▶ [Records to process]:
....

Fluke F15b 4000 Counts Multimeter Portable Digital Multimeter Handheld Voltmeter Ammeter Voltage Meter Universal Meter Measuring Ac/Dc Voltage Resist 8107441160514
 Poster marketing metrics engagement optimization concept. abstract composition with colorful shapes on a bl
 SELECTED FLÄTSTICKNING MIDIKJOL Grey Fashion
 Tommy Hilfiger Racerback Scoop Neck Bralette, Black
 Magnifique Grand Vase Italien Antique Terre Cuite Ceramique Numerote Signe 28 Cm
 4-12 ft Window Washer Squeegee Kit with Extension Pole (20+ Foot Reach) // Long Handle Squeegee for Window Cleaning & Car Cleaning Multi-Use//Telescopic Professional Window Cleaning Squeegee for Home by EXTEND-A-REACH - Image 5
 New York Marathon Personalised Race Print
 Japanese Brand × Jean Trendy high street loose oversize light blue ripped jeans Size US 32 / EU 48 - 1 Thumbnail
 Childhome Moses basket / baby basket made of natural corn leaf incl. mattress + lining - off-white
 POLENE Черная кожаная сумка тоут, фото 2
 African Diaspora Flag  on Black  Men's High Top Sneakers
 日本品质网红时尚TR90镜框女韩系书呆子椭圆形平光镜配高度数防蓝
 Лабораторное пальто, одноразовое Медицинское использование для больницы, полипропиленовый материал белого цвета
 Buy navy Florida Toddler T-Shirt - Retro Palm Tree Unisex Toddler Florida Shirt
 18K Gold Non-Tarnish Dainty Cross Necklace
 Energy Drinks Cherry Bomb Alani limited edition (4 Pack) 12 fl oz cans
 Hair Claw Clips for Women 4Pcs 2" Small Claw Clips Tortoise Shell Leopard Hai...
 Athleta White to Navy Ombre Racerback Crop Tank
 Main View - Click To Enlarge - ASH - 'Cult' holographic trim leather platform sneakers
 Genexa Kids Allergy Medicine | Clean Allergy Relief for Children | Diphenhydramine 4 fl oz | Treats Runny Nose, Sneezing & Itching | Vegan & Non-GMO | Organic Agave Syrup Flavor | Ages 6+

....

Retype the entries one by one, exactly.

Fluke F15b 4000 Counts Multimeter Portable Digital Multimeter Handheld Voltmeter Ammeter Voltage Meter Universal Meter Measuring Ac/Dc Voltage Resist 8107441160514
 Poster marketing metrics engagement optimization concept. abstract composition with colorful shapes on a bl
 SELECTED FLÄTSTICKNING MIDIKJOL Grey Fashion
 Tommy Hilfiger Racerback Scoop Neck Bralette, Black
 Magnifique Grand Vase Italien Antique Terre Cuite Ceramique Numerote Signe 28 Cm
 4-12 ft Window Washer Squeegee Kit with Extension Pole (20+ Foot Reach) // Long Handle Squeegee for Window Cleaning & Car Cleaning Multi-Use//Telescopic Professional Window Cleaning Squeegee for Home by EXTEND-A-REACH - Image 5
 New York Marathon Personalised Race Print
 Japanese Brand × Jean Trendy high street loose oversize light blue ripped jeans Size US 32 / EU 48 - 1 Thumbnail
 Childhome Moses basket / baby basket made of natural corn leaf incl. mattress + lining - off-white
 POLENE Черная кожаная сумка тоут, фото 2
 African Diaspora Flag  on Black  Men's High Top Sneakers
 日本品质网红时尚TR90镜框女韩系书呆子椭圆形平光镜配高度数防蓝
 Лабораторное пальто, одноразовое Медицинское использование для больницы, полипропиленовый материал белого цвета
 Buy navy Florida Toddler T-Shirt - Retro Palm Tree Unisex Toddler Florida Shirt
 18K Gold Non-Tarnish Dainty Cross Necklace
 Energy Drinks Cherry Bomb Alani limited edition (4 Pack) 12 fl oz cans
 Hair Claw Clips for Women 4Pcs 2" Small Claw Clips Tortoise Shell Leopard Hai...
 Athleta White to Navy Ombre Racerback Crop Tank
 Main View - Click To Enlarge - ASH - 'Cult' holographic trim leather platform sneakers
 Genexa Kids Allergy Medicine | Clean Allergy Relief for Children | Diphenhydramine 4 fl oz | Treats Runny Nose, Sneezing & Itching | Vegan & Non-GMO | Organic Agave Syrup Flavor | Ages 6+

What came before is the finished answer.